La santa Ludmila, quedando viuda, comenzó a dar sus bienes a los pobres, iniciando así una vida cristiana muy severa, por lo cual el pueblo Checo la admiró. Durante los 33 años de gobierno del hijo Rostislav (Vratislav) santa Ludmila se ocupó del afianzamiento del cristianismo en Chequia. Después de la muerte de Rostislav, lo sucedió en el trono su hijo de 18 años, Viacheslav, educado por la princesa cristiana Ludmila. Dragomira, la madre de Viacheslav, trató por todos los medios de que los checos volvieran a las creencias paganas de sus ancestros y organizaba luchas contra los cristianos. Ella odiaba a Ludmila, y haciendo uso de la juventud de Viacheslav, trató de hacerle la vida insufrible, de manera tal que Ludmila tuvo que alejarse de Praga a Techin. Hasta allí Dragomira envió a dos boyardos con el mandato de quitarle la vida. Estos boyardos con la ayuda de malhechores, el sábado de noche irrumpieron en el palacio donde dormía santa Ludmila, la tomaron y la ahorcaron con una cuerda.

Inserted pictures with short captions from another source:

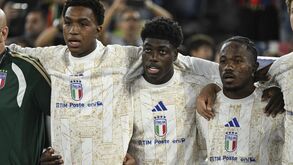 Issa Doumbia estreia-se pela seleção italiana em derrota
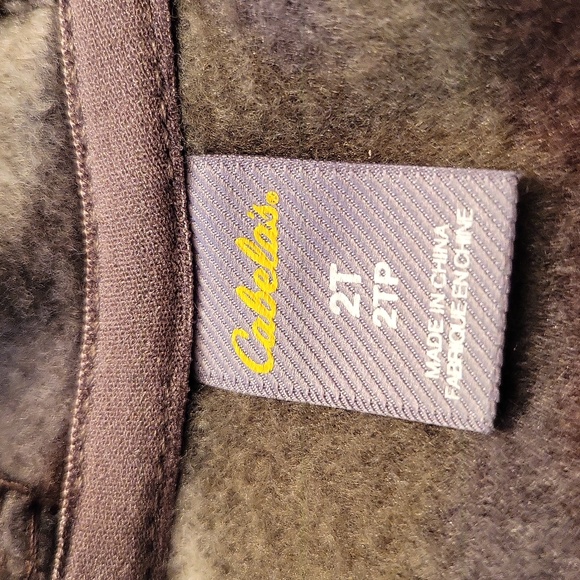 Cabela's camo fleece hooded zip up vest - Picture 3 of 5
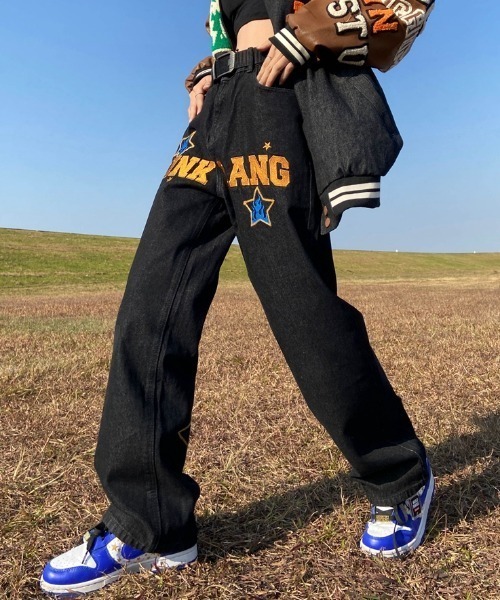 ARULE（アルール）の「A'GEM/9 × .kom『ARULE/アルール』ファイヤー レタリング ワッペン ワイドシルエット デニムパンツ（デニムパンツ・メンズ・ネイビー・M/L）」の9枚目の写真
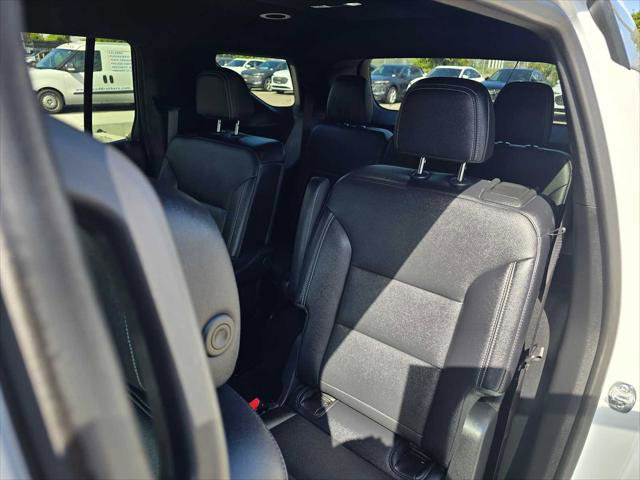 Used 2025 Chevrolet Traverse LT AWD/4WD image 19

Esto sucedió en el año 928, cuando Ludmila tenía 61 años. Fue sepultada la santa mártir en la ciudad de Techin, al lado del muro de la ciudad. Desde entonces todas las noches en el lugar de su sepultura comenzaron a encontrarse velas encendidas. Un habitante ciego recobró la vista al rozar la tierra de su sepultura. El príncipe Viacheslav al conocer los milagros sucedidos en la sepultura de su santa abuela, con varios hombres trasladó los restos de santa Ludmila a Praga y los depositó en la iglesia de san Jorge. Pasados unos pocos años el príncipe Viacheslav también fue martirizado (mirar más adelante). La bienaventurada Ludmila se considera la protectora de Chequia y su sepulcro continúa haciendo milagros.

Tropario: Cordero tuyo Jesucristo, princesa Ludmila, clama por Ti, con su voz:a Ti prometido mío, con afecto te busco martirizada, y me inclino y me sepulto en tu bautizo y sufro por Ti, para glorificarme en Ti y sucumbir por Ti y vivo contigo, Pero como ofrenda inocente, tómame, con amor me ofrezco a Ti: Con oraciones, por piedad, salva nuestras almas.